Asymptotic Behavior of the Isotropic-Nematic and Nematic-Columnar Phase Boundaries for the System of Hard Rectangles on a Square lattice

A system of hard rectangles of size $m\times mk$ on a square lattice undergoes three entropy driven phase transitions with increasing density for large enough aspect ratio $k$: first from a low density isotropic to an intermediate density nematic phase, second from the nematic to a columnar phase, and third from the columnar to a high density sublattice phase.

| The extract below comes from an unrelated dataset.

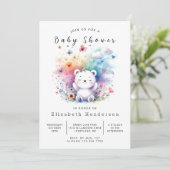 Whimsy Digital Beer Baby shower Kaart (Staand voorkant)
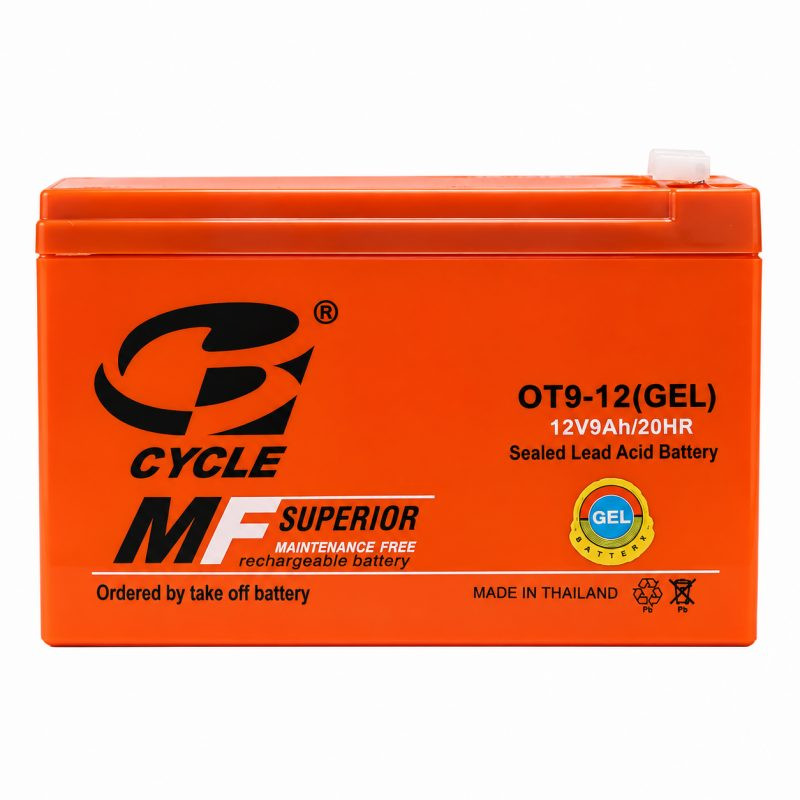 باتری یو اس پی با ولتاژ 12 ولت و شدت جریان  9 آمپر سایکل مدل MO12-9.0 12V 9Ah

In this paper we show, from extensive Monte Carlo simulations of systems with $m=1,2$ and $3$, that the transition density for the isotropic-nematic transition is $\approx A_1/k$ when $k \gg 1$, where $A_1$ is independent of $m$. We estimate $A_1=4.80\pm 0.05$. Within a Bethe approximation, we obtain $A_1=2$ and the virial expansion truncated at second virial coefficient gives $A_1=1$. The critical density for the nematic-columnar transition when $m=2$ is numerically shown to tend to a value less than the full packing density as $k^{-1}$ when $k\to \infty$. We find that the critical Binder cumulant for this transition is non-universal and decreases as $k^{-1}$ for $k \gg 1$. However, the transition is shown to be in the Ising universality class.